Tanzania announced it had signed deals with Egypt’s El Sewedy Electric Co and Arab Contractors to build the hydroelectric plant, a project that will more than double Tanzania’s power generation capacity.

Energy Minister Medard Kalemani told state television the plant will have an installed capacity of 2,115 megawatts, calling it “a very huge dam project”.

Representatives of state-run Tanzania Electric Supply Co, El Sewedy and Arab Contractors signed the agreement in the presence of President Magufuli and Egyptian Prime Minister Mostafa Madbouly, TV broadcasts showed.

“When we asked for financing for this project, the lenders refused to give us money but thanks to improved tax collection, we are able to finance this project using our own resources,” Magufuli said.

Monthly tax revenue has increased to an average of 1.3 trillion shillings ($566 million) per month under his administration from 850 billion before he came to power in late 2015, Magufuli said.

He rejected the environmental concerns, saying Tanzania had allocated 32.5 percent of its land mass to conservation.

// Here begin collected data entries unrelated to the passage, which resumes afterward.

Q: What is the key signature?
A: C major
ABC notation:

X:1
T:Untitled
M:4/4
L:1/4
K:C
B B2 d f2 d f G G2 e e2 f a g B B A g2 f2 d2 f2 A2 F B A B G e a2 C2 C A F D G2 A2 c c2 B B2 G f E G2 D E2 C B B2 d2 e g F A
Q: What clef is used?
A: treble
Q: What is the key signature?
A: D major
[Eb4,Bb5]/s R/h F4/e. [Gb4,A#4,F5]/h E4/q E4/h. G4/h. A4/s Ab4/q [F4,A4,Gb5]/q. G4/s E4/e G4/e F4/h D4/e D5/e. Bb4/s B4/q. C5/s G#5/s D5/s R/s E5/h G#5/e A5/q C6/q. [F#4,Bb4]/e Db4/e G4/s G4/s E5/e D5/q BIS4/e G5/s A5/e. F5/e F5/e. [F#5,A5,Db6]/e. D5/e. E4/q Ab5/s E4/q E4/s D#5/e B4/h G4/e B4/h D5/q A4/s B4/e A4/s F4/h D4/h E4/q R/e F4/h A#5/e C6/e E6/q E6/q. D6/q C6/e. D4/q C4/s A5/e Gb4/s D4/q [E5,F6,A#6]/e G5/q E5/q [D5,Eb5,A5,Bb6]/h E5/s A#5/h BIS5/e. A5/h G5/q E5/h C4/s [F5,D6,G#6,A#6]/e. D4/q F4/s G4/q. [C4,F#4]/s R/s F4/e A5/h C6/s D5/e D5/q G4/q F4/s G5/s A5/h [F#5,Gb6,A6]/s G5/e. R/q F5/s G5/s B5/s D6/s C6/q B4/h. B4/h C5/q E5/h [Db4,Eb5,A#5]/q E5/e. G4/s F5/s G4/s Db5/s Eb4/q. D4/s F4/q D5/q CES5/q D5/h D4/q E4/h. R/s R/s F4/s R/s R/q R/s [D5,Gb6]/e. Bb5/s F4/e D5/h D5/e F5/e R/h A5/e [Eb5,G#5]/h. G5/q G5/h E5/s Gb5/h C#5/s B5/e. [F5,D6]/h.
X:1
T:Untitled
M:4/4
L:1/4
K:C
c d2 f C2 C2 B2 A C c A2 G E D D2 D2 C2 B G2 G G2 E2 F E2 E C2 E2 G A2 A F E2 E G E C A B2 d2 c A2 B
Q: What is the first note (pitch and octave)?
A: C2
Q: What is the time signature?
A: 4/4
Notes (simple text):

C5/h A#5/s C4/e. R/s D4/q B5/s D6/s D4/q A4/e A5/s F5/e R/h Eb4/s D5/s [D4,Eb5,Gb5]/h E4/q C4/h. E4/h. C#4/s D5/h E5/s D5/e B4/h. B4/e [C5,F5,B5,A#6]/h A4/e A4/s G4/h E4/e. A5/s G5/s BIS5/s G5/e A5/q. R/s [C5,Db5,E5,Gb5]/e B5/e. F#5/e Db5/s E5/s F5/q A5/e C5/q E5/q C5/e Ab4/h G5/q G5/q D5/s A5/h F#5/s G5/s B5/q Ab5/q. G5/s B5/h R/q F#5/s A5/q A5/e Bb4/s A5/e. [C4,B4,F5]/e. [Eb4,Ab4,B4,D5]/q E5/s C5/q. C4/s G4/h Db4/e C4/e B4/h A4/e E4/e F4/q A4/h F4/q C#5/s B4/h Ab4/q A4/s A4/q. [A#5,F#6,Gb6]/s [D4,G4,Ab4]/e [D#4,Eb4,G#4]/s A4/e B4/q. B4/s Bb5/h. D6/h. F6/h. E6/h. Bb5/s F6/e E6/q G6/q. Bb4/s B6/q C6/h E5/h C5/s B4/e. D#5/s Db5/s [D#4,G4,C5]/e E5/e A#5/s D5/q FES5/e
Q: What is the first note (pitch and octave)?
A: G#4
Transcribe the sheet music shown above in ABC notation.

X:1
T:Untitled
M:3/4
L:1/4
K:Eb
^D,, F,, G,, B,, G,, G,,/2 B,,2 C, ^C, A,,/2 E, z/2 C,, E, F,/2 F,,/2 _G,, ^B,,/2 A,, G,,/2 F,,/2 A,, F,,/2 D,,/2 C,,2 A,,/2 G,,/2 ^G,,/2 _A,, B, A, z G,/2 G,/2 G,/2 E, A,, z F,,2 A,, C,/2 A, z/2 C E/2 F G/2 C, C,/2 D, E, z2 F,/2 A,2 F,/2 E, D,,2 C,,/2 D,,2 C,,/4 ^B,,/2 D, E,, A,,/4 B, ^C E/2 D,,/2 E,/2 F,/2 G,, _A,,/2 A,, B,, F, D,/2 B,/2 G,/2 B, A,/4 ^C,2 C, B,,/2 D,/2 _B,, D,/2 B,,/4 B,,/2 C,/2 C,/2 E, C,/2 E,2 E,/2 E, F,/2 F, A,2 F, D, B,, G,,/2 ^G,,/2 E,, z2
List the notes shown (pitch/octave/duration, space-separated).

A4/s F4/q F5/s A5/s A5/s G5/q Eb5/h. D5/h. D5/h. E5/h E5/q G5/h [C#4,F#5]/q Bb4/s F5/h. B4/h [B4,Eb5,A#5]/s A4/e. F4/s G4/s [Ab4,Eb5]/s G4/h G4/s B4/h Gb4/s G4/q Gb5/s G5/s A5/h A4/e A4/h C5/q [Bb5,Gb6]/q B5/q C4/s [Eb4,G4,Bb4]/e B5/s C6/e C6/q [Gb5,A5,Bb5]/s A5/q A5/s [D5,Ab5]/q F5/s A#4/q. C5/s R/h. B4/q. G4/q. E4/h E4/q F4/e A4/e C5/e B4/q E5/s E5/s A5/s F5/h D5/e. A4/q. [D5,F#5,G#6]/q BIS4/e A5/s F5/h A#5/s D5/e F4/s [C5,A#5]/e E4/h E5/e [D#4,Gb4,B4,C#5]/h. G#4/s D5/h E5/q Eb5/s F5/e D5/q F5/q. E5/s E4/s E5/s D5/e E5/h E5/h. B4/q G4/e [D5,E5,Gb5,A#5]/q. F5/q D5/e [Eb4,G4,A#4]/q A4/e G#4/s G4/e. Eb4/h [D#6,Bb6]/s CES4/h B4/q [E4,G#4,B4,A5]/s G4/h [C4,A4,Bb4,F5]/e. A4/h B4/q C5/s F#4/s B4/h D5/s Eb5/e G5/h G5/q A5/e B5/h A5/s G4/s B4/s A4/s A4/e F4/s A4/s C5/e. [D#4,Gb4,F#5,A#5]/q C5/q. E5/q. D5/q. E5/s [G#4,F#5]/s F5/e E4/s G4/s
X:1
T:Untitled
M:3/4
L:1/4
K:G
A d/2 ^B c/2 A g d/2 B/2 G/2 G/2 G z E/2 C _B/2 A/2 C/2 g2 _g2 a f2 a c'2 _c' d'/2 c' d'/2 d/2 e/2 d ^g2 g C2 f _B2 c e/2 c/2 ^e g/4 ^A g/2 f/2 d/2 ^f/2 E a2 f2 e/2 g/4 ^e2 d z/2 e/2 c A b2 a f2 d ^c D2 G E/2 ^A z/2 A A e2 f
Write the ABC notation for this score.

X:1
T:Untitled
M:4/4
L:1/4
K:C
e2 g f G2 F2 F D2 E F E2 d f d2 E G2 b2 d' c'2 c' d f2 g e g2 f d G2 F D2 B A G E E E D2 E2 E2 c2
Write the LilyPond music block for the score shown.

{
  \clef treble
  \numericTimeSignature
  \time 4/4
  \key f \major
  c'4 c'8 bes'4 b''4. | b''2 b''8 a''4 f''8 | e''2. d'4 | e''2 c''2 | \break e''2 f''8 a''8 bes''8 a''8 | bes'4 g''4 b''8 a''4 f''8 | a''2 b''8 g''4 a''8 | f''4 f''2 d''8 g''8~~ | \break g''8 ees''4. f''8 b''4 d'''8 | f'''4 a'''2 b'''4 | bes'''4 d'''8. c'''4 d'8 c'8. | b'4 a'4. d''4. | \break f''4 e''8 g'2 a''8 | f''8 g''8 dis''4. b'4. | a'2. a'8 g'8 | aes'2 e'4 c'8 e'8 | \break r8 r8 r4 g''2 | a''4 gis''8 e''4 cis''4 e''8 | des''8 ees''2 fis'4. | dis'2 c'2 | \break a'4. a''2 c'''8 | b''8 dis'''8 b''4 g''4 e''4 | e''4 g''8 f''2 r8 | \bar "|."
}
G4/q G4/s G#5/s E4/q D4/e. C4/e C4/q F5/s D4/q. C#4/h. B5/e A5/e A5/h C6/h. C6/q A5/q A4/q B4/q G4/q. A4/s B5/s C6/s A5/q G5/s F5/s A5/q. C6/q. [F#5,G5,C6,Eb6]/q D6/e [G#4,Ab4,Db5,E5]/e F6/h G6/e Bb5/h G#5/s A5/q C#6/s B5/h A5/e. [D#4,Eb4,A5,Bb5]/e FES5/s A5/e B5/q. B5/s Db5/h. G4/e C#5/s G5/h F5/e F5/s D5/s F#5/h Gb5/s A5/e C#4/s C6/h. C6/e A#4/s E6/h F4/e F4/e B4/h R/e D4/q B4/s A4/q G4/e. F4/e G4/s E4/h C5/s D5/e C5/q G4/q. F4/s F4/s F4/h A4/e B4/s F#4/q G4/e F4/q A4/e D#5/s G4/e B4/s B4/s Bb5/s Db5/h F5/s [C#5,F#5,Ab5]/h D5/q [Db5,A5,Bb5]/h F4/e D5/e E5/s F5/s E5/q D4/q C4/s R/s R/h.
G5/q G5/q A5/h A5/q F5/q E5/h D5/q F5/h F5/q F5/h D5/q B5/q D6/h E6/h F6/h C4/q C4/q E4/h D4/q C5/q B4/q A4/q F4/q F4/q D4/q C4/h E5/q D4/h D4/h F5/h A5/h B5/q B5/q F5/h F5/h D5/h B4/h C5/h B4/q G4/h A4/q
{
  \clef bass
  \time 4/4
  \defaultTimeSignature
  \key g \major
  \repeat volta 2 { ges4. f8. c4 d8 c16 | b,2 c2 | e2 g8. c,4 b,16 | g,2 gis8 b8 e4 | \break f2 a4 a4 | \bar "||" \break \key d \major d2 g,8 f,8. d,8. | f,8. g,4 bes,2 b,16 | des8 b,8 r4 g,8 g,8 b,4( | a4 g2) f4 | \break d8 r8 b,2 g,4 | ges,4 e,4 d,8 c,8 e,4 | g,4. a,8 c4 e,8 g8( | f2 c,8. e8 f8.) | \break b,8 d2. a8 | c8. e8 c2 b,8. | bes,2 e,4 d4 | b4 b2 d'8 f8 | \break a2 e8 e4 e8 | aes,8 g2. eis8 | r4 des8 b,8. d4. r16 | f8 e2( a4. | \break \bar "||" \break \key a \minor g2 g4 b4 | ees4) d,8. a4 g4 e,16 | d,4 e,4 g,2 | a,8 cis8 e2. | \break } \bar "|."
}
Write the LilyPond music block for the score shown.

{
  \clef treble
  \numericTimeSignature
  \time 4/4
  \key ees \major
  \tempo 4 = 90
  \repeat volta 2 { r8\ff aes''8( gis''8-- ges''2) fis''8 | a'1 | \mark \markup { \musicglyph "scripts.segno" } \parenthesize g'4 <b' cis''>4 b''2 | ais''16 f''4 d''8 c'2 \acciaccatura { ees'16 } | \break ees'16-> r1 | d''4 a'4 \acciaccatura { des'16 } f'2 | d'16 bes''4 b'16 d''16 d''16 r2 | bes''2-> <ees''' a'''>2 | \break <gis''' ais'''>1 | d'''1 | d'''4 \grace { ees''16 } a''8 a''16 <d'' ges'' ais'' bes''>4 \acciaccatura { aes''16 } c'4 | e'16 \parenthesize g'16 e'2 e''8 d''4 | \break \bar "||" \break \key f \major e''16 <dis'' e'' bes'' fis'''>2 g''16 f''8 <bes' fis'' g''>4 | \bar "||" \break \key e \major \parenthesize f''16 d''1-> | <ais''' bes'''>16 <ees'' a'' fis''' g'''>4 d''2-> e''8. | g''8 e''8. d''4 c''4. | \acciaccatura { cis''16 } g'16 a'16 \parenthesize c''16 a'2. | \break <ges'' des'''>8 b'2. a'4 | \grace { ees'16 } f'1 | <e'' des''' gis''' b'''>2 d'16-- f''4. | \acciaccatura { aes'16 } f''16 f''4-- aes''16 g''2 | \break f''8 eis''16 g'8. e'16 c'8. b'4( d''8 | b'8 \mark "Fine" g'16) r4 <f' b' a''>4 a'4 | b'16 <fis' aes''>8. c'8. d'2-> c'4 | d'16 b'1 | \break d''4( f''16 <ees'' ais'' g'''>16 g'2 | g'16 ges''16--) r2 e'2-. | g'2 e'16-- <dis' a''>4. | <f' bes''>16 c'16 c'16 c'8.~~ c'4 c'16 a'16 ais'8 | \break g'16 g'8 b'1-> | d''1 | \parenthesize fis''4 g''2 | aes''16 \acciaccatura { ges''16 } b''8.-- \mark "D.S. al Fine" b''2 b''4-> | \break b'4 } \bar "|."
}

“The dam will become a major source of water and the cheap electricity to be produced from the dam will reduce the number of people who cut trees for firewood,” he said.

Arab Contractors will hold a 55 percent stake in the project and El Sewedy 45 percent, El Sewedy said. It expects the project to take 42 months and production to start by April 2022.

Magufuli has introduced anti-corruption measures and tough economic reforms and pushed for swift completion of big infrastructure projects including roads, railways and airports.